An atom consists of a small, positively charged nucleus surrounded by electrons. The nucleus contains protons and neutrons. Protons have a charge of +1 and a mass of 1.0073 amu. Neutrons have zero charge and a mass of 1.0087 amu. Electrons have a charge of −1 and a mass of 0.00055 amu. The number of protons in the nucleus is called the atomic number (Z) and defines an atom’s elemental identity. The sum of the numbers of protons and neutrons in the nucleus is called the mass number and, expressed in amu, is approximately equal to the mass of the atom. An atom is neutral when it contains equal numbers of electrons and protons.

Various models were proposed to describe the atomic structure explaining the distribution of electrons around the nucleus.
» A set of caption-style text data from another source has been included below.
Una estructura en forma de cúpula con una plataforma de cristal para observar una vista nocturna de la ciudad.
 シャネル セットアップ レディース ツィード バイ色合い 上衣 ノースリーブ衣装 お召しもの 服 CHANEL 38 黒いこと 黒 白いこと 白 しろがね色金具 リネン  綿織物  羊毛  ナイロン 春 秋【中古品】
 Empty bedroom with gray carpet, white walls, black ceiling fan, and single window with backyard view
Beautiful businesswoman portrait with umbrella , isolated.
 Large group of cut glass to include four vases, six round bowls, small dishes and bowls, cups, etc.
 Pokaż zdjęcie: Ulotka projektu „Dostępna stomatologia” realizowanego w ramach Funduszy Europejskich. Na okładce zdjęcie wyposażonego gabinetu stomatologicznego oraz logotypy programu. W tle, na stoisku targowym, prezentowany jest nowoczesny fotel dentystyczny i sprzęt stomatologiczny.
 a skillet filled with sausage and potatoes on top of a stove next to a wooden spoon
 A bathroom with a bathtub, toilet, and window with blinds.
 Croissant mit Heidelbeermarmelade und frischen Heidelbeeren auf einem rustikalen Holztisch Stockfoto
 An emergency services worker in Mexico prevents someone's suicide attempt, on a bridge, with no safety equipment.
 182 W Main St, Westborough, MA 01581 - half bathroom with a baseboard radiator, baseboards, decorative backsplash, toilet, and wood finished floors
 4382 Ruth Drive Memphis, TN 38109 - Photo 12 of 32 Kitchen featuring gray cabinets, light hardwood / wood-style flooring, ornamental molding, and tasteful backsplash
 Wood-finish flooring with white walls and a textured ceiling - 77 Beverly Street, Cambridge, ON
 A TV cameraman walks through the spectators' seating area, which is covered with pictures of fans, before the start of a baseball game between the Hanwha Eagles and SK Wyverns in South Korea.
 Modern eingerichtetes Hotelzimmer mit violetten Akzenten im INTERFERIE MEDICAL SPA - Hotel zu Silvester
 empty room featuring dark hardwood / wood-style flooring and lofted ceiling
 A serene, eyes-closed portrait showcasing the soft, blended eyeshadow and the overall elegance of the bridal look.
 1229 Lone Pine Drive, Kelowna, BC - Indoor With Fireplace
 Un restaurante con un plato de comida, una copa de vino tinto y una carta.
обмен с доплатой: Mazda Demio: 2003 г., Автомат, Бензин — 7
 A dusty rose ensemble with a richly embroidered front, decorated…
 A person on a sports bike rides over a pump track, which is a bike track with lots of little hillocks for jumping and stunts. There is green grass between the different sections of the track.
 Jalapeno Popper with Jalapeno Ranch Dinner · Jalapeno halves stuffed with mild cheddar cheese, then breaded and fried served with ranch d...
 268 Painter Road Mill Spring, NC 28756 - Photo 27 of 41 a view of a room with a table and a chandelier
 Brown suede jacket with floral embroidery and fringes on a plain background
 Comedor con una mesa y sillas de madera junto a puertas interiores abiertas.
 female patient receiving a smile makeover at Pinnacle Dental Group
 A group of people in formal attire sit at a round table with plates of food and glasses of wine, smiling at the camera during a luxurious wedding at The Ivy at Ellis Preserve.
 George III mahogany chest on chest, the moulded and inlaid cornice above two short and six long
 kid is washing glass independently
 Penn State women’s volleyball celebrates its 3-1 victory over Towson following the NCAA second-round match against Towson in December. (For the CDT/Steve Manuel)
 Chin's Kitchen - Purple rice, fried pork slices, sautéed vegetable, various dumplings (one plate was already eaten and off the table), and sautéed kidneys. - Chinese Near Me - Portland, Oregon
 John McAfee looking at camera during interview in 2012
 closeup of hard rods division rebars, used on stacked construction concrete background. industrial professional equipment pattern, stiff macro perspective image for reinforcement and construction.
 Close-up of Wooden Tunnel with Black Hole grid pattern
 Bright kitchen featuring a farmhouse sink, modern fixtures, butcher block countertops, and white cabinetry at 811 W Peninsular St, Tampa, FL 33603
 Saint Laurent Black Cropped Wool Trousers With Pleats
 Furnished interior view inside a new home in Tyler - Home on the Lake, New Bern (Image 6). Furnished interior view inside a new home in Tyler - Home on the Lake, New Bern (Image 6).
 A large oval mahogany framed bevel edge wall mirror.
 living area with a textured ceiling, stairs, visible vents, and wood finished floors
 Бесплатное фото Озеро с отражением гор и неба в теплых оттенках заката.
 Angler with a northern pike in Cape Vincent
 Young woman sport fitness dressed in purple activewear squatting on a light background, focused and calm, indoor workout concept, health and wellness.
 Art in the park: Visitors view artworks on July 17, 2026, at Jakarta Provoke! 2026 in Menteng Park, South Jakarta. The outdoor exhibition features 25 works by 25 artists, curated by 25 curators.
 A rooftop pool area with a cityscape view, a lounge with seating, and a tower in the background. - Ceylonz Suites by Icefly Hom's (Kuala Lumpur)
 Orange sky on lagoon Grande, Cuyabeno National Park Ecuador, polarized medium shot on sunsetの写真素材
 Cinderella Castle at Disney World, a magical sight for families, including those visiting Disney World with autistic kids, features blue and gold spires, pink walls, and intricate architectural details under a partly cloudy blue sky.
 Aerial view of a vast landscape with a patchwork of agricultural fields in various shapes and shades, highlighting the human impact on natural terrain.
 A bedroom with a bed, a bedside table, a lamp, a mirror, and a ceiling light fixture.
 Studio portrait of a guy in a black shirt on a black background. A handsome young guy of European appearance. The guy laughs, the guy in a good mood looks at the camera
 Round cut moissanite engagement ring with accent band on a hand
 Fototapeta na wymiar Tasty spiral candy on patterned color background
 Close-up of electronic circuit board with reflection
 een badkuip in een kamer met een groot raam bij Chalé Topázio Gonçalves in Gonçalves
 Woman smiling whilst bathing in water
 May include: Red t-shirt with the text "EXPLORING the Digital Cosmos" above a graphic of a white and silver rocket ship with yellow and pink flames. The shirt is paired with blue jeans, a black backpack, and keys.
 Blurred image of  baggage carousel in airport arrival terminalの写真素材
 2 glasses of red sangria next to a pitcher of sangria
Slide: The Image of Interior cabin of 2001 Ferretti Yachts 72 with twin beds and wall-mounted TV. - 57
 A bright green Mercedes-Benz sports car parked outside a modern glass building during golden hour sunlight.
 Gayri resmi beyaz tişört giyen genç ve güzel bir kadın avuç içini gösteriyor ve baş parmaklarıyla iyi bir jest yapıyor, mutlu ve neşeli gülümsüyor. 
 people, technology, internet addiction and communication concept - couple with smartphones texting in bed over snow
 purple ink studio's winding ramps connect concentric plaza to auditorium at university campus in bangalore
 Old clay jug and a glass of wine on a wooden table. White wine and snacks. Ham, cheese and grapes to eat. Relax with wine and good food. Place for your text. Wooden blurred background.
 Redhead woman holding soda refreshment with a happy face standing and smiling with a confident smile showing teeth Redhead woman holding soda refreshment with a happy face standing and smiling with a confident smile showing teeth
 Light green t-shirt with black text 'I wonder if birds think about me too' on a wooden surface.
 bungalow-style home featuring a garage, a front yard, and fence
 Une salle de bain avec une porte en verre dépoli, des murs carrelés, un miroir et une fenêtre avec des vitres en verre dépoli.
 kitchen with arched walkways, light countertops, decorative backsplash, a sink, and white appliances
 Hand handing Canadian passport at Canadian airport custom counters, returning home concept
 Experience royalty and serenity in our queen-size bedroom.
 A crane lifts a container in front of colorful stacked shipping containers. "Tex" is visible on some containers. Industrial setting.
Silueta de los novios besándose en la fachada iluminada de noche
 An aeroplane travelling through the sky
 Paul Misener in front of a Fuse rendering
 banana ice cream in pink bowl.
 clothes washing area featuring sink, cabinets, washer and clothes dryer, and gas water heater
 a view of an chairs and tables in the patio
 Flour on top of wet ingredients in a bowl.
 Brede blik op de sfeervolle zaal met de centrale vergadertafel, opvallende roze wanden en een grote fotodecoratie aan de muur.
The de Broglie relation quantified that electrons have properties of both a particle and a wave. Quantifying this wave–particle duality further, Heisenberg gave the uncertainty principle: the position (associated with the particle nature) and the velocity or the energy (associated with the wave nature) of the electron cannot be determined simultaneously with full precision. The quantum mechanical model gives a more accurate picture of the atomic structure. It describes the three-dimensional position of an electron with a specific energy, contained in an atom, in a probabilistic manner in terms of the square of the wavefunction, ψ2. Atomic wavefunctions, or atomic orbitals, describe the regions in an atom where electrons are most likely to be found.

An atomic orbital is characterized by three quantum numbers. The principal quantum number, n, groups orbitals in terms of location of energy level, or ‘shell’. The angular momentum or azimuthal quantum number, l, groups the orbitals based on their shapes into ‘subshells’. It has integer values from 0 to n – 1 and is represented by letters: s (l = 0), p (l = 1), d (l = 2), f (l = 3), g (l = 4), and h (l = 5). The magnetic quantum number, ml, with 2l + 1 values ranging from –l to +l, describes the orientation of the orbital in space. In addition, each electron has a spin quantum number, ms, that can be equal to ±1/2. No two electrons in the same atom can have the same set of values for all four quantum numbers.

This text is adapted fromOpenstax, Chemistry 2e, Section 6.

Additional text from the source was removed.